Our study found that negative seroconversion rate was rather frequent for anti-nucleosome (57.1%) and anti-dsDNA (51.3%). The same phenomenon was found among adults with SLE.7 8 It may be related to their origin from newly generated plasmablasts that require proliferation for their differentiation and maintenance,14 and therefore, are more susceptible to immunosuppressive therapy. On the other hand, the relatively persistent expression pattern of anti-Ro/La/RNP/Sm antibodies was considered to be related to their origin from long-lived plasma cells in the bone marrow.14 As a result of the less frequent seroconversion rate of anti-Ro/La/RNP/Sm antibodies, whether it is necessary or cost-effective to repeat testing for these antibodies against extractable nuclear antigens (anti-ENA), remains controversial.21 However, anti-Ro/ SSA and anti-dsDNA co-positivity was recently reported to be associated with progression to end-stage renal disease in juvenile LN,22 suggesting the necessity to retest anti-Ro/SSA regardless of its relatively low seroconversion rate. Furthermore, the higher prevalence of LN found in the anti-Sm/RNP group corresponded with previous studies.4 6 Therefore, analysis of serological conservations of both anti-DNA and anti-ENA may provide some information for assessing and guiding treatment, despite different conservation rates among autoantibodies.23
Although not as frequent as negative seroconversion, we found that the phenomenon of positive seroconversion still existed (negative seroconversion rates: 16.1%~57.1% vs positive seroconversion rates: 9.1%~19.4% of cases, respectively, depending on autoantibody specificity). The median interval to positive seroconversion varied from 2 to 5 years for the nine autoantibodies. In two cases of our study, positive seroconversion of anti-RNP/Sm happened 3 years after the first diagnosis of JSLE, followed by the occurrence of newly onset LN at the fifth year’s follow-up. This finding of the production of IgG autoantibodies several years before organ involvement may be concordant with the prior study by Arbuckle et al24 that ANA fine specificities were reported to be detected several years before the symptoms of SLE onset.
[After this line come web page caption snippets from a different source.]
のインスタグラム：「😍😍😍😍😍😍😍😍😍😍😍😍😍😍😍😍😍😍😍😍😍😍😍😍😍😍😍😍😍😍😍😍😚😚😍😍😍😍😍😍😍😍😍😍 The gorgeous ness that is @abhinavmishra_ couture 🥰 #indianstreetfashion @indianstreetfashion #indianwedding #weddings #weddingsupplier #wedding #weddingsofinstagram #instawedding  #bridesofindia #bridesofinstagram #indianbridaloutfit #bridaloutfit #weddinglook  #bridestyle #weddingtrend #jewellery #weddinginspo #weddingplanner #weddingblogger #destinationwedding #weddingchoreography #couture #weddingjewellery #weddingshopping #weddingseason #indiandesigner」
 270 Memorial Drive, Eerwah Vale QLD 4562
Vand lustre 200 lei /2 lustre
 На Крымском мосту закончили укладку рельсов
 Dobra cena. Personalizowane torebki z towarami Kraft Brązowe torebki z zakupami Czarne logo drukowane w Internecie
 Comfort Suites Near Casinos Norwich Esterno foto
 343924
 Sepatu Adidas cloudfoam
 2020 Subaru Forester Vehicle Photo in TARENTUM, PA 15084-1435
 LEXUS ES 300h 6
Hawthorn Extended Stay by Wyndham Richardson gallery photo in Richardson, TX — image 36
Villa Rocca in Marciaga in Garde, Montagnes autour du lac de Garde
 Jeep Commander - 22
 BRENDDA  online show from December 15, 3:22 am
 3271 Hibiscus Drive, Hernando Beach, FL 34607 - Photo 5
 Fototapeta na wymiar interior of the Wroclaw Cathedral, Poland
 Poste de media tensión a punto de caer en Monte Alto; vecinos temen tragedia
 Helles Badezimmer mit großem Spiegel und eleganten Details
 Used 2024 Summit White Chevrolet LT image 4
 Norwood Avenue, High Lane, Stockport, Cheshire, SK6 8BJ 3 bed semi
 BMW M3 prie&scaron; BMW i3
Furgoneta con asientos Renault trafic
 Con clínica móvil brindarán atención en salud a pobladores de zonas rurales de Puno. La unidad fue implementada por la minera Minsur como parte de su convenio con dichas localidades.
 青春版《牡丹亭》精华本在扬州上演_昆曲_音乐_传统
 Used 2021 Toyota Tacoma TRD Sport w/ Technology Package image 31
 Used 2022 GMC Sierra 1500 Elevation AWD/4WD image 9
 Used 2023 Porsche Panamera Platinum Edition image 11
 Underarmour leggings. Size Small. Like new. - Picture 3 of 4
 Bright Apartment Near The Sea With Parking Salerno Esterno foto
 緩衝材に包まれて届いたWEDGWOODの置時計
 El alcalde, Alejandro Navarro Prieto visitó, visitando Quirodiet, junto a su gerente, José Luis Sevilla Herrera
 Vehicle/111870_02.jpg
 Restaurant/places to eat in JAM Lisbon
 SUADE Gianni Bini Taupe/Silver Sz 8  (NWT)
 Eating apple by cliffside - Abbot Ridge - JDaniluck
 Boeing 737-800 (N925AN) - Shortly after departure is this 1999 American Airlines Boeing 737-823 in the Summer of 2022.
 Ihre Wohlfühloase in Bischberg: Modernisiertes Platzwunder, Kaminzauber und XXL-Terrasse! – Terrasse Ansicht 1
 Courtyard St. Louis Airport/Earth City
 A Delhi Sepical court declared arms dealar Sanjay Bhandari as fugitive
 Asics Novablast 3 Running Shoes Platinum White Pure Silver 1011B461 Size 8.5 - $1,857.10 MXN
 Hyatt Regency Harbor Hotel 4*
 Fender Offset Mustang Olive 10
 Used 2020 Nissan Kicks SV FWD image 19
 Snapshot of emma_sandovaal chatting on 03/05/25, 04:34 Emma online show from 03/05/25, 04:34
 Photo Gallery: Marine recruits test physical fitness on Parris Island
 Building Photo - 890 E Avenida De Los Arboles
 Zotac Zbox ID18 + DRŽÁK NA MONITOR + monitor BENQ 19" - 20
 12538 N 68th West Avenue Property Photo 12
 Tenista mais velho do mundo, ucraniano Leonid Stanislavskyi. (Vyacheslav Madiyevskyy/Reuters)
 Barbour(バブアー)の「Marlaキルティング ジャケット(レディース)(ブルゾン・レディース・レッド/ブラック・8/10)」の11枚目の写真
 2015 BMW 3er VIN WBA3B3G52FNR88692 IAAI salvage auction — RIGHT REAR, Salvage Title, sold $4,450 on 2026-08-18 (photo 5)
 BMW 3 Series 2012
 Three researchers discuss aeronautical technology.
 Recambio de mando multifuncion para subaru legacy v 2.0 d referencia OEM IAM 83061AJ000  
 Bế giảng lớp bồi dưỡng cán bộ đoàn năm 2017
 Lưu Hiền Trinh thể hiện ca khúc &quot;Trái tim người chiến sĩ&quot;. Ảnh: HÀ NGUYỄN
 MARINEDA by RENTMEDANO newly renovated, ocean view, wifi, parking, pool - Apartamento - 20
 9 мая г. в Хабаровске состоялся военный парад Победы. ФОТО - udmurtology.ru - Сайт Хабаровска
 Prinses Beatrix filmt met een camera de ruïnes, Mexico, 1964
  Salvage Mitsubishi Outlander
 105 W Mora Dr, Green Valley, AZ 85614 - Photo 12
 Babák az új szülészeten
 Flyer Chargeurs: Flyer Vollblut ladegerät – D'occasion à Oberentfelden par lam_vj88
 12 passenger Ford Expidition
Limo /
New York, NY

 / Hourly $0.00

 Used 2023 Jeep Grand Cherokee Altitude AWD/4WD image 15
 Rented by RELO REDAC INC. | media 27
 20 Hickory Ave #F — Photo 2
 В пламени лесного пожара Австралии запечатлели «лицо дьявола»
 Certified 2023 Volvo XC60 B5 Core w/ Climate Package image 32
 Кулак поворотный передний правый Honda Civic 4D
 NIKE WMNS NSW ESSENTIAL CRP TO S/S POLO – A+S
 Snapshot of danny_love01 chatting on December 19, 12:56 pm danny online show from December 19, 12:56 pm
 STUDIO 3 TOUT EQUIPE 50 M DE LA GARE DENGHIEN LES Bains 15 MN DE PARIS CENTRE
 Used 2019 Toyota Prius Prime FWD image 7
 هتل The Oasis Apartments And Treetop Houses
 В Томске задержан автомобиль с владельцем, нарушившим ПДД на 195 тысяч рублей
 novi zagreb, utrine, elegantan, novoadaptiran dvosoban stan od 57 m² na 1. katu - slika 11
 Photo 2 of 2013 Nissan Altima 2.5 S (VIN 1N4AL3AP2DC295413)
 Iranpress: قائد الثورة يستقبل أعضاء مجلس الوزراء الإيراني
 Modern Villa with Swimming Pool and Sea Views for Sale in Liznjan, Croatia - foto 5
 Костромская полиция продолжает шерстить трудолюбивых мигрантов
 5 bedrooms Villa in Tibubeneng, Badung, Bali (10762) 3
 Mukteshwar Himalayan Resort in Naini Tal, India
The phenomenon was considered to be related to the years auto-reactive B cell needed to mature through episodic exposure to immunogenic autoantigens.25 On the other hand, for patients already diagnosed with JSLE, we found that flare-free survival of patients with positive seroconversion was significantly lower than those without seroconversion and those with negative seroconversion. Therefore, it is worthwhile to retest the array of autoantibodies during follow-up, and positive seroconversion may provide a valuable perspective for assessing flare.
The limitations of our study were as follows. First, the size of our cohort was small. We will increase the sample size in future study. A prospective study will be necessary. Second, quantitative detection through ELISA will be applied, and autoantibody titres will be gathered and analysed. Third, due to the retrospective study design, there was an absence of the British Isles Lupus Assessment group index (BILAG) or the Systemic Lupus International Collaborating Clinics damage index (SDI), genomic variants26 and serological data, such as cytokines.27 Appropriate advanced biomarkers28 may be introduced in further study to provide more insights into the pathogenic mechanisms of JSLE. Nevertheless, our study shed light on better understanding of JSLE subphenotypes and seroconversions.